When faced with a crisis, will your organization have the capacity to be ‘nimble’ in its response? And can you know in advance whether it will?

The photo above, which I captured four years ago (children's faces blurred for privacy), was taken at a school during an actual campus threat.

Recognize that this image, which shows children huddled together under tables, their bags scattered where they'd left them, is barely a hint of the full sensory overload experienced in such situations. Try to imagine the barrage of sounds and sensations - helicopters circling just overhead, vehicles arriving with sirens wailing, dozens of responders yelling into radios, terrified kids glancing back and forth for signs of reassurance, and teachers and administrators each grasping to understand the crisis they're suddenly confronting.

The word ‘crisis’ has Latin roots, drawn from words that mean ‘turning point’. A crisis is therefore a change in course; of perhaps a course of events, of expected outcomes, or otherwise.

For this school, the pictured event was by all measures a turning point. As far as crises go, campus threat scenarios are among the most high-intensity because of how they unfold and how divergent they are from 'normal'. They are events for which the operational actions of individuals have as much an influence on the course of outcomes as do any strategic actions and decisions made at the organizational level.

Thankfully, although the perpetrator was not apprehended, there were only minor injuries sustained by a staff member who had engaged them. And among the incredible acts of heroism that were gradually captured in the stories that followed, so was the realization that it was not the quality or accuracy of plans and policies that got the school safely through this event. Rather, it was the adaptability and split-second decision making of individuals who felt empowered to act.

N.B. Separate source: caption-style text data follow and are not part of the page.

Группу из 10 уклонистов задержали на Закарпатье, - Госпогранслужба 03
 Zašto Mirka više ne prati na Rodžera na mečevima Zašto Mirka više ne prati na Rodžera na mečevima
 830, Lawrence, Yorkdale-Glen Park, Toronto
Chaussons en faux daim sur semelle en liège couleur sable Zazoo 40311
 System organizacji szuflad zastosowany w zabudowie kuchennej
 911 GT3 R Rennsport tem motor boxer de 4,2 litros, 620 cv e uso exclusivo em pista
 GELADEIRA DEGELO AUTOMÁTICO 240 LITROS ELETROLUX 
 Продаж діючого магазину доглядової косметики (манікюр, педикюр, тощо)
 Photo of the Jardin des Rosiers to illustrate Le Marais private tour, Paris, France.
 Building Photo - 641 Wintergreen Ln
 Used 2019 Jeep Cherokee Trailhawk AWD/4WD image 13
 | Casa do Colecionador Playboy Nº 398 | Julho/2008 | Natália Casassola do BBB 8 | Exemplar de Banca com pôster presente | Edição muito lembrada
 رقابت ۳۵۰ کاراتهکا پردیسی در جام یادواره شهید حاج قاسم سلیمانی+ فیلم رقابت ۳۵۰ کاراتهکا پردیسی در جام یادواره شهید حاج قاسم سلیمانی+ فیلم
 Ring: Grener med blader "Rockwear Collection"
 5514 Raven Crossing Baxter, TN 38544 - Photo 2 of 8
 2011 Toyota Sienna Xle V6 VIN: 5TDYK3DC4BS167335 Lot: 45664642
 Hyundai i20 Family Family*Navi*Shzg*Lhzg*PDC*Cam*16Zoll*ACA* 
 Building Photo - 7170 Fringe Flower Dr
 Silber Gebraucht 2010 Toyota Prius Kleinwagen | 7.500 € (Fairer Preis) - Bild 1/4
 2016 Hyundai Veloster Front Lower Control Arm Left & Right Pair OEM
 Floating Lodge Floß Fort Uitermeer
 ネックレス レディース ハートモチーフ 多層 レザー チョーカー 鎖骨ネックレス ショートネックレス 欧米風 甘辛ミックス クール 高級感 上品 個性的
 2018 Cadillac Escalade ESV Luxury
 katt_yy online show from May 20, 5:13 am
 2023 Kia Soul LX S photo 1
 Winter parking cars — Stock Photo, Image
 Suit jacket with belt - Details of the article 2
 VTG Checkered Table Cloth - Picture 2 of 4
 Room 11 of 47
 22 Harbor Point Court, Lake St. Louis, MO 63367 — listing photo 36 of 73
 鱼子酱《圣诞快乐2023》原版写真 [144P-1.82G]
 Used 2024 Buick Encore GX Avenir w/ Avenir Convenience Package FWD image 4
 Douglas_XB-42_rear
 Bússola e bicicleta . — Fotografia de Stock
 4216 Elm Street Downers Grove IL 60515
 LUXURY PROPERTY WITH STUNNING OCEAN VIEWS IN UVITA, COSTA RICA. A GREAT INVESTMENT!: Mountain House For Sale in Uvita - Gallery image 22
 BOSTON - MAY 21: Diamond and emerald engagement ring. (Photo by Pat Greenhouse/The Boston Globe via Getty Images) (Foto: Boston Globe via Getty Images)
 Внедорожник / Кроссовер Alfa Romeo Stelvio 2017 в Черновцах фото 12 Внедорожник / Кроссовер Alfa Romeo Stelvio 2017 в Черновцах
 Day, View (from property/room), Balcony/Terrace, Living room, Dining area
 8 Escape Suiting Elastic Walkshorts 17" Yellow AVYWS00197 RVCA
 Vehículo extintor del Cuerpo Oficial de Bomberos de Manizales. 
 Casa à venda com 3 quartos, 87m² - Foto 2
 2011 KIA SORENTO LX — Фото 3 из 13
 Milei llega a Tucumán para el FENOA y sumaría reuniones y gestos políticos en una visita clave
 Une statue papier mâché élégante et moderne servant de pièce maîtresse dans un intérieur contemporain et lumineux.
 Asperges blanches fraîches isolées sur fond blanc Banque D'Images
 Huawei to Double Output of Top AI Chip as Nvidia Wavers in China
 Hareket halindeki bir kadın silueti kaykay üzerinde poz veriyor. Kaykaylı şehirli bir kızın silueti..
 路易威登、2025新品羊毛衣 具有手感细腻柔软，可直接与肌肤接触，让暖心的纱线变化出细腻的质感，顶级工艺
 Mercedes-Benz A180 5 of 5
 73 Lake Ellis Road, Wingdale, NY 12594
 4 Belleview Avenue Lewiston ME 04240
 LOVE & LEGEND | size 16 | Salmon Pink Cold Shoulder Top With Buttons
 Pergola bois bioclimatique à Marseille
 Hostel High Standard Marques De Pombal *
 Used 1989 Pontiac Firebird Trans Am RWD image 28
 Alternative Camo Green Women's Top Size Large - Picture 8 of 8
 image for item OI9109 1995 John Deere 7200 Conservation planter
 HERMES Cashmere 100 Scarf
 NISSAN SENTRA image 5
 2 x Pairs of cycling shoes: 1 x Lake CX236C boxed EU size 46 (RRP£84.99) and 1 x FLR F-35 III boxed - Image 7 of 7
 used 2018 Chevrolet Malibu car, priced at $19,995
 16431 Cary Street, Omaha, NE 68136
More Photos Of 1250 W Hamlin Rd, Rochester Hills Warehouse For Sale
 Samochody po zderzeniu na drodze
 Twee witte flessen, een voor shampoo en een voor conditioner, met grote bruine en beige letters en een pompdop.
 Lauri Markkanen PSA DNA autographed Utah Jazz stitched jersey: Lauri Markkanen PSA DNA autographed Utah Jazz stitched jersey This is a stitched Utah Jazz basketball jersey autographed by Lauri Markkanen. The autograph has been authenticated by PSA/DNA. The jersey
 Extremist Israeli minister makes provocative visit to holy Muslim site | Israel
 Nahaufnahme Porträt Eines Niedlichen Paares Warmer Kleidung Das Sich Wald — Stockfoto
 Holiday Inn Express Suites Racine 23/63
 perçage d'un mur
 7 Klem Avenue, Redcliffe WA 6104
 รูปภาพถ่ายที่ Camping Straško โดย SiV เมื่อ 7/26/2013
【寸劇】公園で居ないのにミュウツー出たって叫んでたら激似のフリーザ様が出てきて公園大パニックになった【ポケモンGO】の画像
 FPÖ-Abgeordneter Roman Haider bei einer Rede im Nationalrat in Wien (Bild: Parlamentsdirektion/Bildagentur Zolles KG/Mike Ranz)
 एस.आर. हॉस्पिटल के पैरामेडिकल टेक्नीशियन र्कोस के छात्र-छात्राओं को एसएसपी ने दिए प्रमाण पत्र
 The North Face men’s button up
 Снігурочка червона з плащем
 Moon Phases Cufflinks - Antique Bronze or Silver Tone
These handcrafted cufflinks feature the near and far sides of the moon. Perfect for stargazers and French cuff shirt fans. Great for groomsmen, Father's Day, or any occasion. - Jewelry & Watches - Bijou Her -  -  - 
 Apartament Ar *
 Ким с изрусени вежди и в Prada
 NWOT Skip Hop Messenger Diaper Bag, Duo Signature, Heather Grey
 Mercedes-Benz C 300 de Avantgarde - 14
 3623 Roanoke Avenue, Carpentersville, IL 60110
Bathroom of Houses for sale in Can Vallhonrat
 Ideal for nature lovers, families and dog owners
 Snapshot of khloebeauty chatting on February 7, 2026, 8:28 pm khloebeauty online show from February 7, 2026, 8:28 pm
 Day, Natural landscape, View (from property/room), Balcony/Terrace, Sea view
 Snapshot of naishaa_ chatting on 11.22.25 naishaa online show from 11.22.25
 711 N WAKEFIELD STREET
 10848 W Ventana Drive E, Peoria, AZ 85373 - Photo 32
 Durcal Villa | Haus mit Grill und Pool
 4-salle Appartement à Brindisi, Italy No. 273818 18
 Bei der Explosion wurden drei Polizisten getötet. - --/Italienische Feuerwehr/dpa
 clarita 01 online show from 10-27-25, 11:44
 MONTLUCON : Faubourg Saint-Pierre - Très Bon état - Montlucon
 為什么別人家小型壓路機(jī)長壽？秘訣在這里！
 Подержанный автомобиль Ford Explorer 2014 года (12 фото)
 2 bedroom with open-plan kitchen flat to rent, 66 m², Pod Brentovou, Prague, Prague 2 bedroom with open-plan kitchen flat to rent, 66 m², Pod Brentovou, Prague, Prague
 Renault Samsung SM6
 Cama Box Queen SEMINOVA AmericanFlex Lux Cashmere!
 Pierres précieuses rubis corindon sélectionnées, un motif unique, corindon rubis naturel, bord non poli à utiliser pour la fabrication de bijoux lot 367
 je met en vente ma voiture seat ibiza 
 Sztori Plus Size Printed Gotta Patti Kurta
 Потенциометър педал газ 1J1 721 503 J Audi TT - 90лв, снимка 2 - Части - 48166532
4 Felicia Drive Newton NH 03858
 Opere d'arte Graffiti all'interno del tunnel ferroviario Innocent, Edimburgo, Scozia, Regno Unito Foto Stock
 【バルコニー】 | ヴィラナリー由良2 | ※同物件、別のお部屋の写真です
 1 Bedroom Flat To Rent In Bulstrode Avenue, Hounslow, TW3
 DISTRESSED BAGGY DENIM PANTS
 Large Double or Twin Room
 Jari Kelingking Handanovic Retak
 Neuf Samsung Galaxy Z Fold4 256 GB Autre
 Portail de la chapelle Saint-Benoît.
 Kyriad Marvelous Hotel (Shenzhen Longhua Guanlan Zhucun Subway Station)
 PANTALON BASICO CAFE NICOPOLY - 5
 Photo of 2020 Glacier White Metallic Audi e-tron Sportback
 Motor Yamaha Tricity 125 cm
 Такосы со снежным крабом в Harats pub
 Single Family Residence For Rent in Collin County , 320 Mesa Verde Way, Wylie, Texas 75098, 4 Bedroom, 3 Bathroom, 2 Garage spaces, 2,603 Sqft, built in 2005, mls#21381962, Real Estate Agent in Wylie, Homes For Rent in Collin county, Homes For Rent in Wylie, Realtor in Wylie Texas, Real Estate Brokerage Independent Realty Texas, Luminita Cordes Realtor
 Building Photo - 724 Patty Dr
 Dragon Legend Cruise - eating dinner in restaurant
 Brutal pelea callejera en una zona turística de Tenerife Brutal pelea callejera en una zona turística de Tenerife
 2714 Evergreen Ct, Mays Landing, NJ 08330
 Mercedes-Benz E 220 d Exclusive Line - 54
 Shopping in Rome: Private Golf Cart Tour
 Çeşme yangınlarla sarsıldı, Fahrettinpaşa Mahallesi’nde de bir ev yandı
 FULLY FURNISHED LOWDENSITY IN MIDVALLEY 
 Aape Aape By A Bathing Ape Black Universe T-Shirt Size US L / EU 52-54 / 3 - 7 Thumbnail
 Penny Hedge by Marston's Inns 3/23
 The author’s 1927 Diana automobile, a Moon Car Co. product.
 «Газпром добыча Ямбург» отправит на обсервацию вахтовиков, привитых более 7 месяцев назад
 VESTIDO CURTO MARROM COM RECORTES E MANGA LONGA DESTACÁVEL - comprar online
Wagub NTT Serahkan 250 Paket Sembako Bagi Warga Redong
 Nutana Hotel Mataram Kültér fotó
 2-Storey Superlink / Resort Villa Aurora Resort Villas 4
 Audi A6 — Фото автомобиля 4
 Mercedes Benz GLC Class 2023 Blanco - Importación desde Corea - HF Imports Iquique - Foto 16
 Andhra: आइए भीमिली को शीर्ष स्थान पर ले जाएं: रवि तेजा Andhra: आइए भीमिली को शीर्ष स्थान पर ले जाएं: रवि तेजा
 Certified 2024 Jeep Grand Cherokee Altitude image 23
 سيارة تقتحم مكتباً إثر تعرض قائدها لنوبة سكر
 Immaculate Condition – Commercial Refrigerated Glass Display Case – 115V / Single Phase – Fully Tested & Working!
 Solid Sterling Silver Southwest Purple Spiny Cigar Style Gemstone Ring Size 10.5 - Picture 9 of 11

We often place undue faith in plans, SOPs, and frameworks, equating their existence with 'capacity'. In doing so we underestimate the degree to which scenario variability can render such plans inadequate, and downplay the extent to which the 'human factors' of response can serve as hidden obstacles or superpowers.

Crises, and their associated uncertainty, knock us out of our comfort zones. Faced with a threat or challenge, whether physical, mental, or emotional, our bodies respond by tapping evolutionary defenses, namely by releasing a surge of adrenaline. The experience is unique to the individual, and generally includes changes in perception, thinking, and behavior.

Years before the pictured event, my wife and I had been the target of a random shooter. As a rapid succession of bullets created tiny bursts of dust on the pavement and in the leaves around us, we acquired what we both experienced to be ‘super-human speed and endurance’. Maybe nothing about our abilities actually changed, but that day we both felt as if we could have taken Usain Bolt in a sprint. Whatever it was, it worked in bringing that crisis to a desirable outcome, though only later could we fully appreciate the danger we'd dealt with or the decisions we had made.

The day of the lockdown, this adrenaline surge resulted in more of a ‘caged’ feeling for me, something I later attributed to possessing only limited knowledge of my expected role in steering that crisis (given that I was parent, and thus an 'outsider' to the organization and its plans and procedures).

As calm as the children might seem, they too were affected in differing ways by this chemical process. Among those near me, I witnessed one child soil themselves and another calmly asking the child next to them, “do you think it’ll hurt when we get shot?” Yet they did exactly as they'd been instructed to do.

The teachers, who were also terrified, understood in that moment the scale and scope of their responsibility. And in accepting what they believed to be their charge (despite never having experienced an actual workplace violence event previously), transcended that fear in order to keep the kids calm while they waited for the situation to evolve.

I witnessed first hand that these teachers received no external instruction for most of the incident, and they were operating on very incomplete information. They felt empowered to 'do the right thing', even though this event was very different from what they had exercised in all previous drills.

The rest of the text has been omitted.